ACL tears are a common knee injury and are associated with an elevated risk of developing OA. Bone plays an important role in OA development, and bone mass has been shown in animal models and human studies to decrease immediately following injury before partially recovering. ACL transection models have confirmed this bone loss is driven by trabecular structure degradation, however, this has not been confirmed in humans due to limited in vivo image resolution. The recent development of high-resolution peripheral quantitative computed tomography (HR-pQCT) provides an unprecedented opportunity to longitudinal assess bone microarchitecture in the knee, and magnetic resonance imaging (MRI) complements this technology so that both hard and soft tissues can be simultaneously tracked. This allows, for example, the monitoring of bone marrow lesions, which commonly occur in post-traumatic knee injury, and we are particularly interested in early joint changes that may lead to long-term development of knee osteoarthritis.

The objective of this study was to establish bone microarchitectural changes in the human knee within the first year following a unilateral acute ACL tear, using HR-pQCT and MRI.

Content

METHODS: Participants with unilateral ACL tears (n=15, 22-44 years of age, 10 female and 5 male) were followed with HR-pQCT with up to four time points (baseline, +2 months, +4 months, +8months). The baseline measurement occurred within 6 weeks of injury. Both the ACL deficient and uninjured contralateral knees were imaged at 61μm isotropic voxel size (XtremeCTII, Scanco Medical). Bone microarchitecture was assessed up to 7.5 mm below the weight bearing surfaces of the medial and lateral tibia and femur. The subchondral bone plate (density, thickness), and trabecular bone (density, thickness, number, separation) were quantified. Longitudinal bone changes within each knee were assessed using quadratic temporal mixed effects models, which were compared to linear and intercept-only mixed effects models using chi-squared tests (level of significance: p<0.05). 95% confidence intervals for each model parameter were assessed using bootstrapping (200 samples with replacement). MRI captured regions of bone marrow lesions, and by multimodal image registration between HR-pQCT and MRI it was possible to establish the changes to bone microarchitecture that occur specifically in the BML region.

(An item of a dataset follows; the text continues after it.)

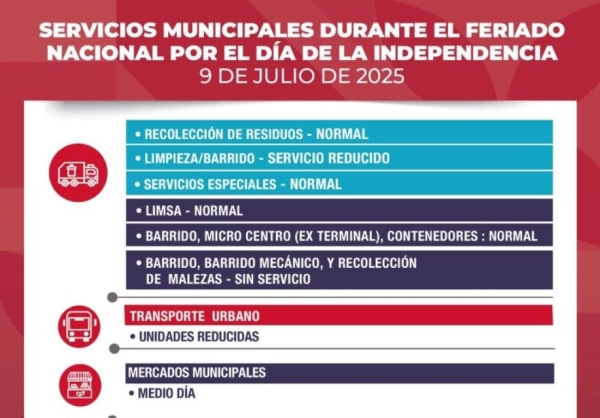 Servicios municipales por el feriado del 9 de julio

RESULTS: Bone loss occurred throughout the injured knee (-4.6% to -15.8%; Fig 1). Bone loss occurred in a non-linear manner, with loss occurring within the first 7 to 8 months post-injury before indicating the start of a recovery phase. The loss was driven by trabecular structure degradation as reflected by an increase in trabecular separation (6.4% to 10.6%) and decrease in number (-3.1% to -7.8%) of trabecular elements. The subchondral bone plate of the lateral femur significantly decreased in thickness (-9.0%). Regions of BMLs had accelerated microarchitectural adaptations compared to the rest of the knee. The contralateral knee was mostly unaffected.

CONCLUSION: Bone loss in the injured knee during the first year following ACL tears is driven by loss of trabecular elements. This likely cannot be reversed as for any future ‘recovery’ of bone mass there is no known mechanism to re-establish the original bone structure. Thus, permanent structural changes may persist, which indicates there may be a short window for intervention to reduce the risk of long-term OA development.

Acknowledgments

This study was funded by The Arthritis Society, SOG-15-226.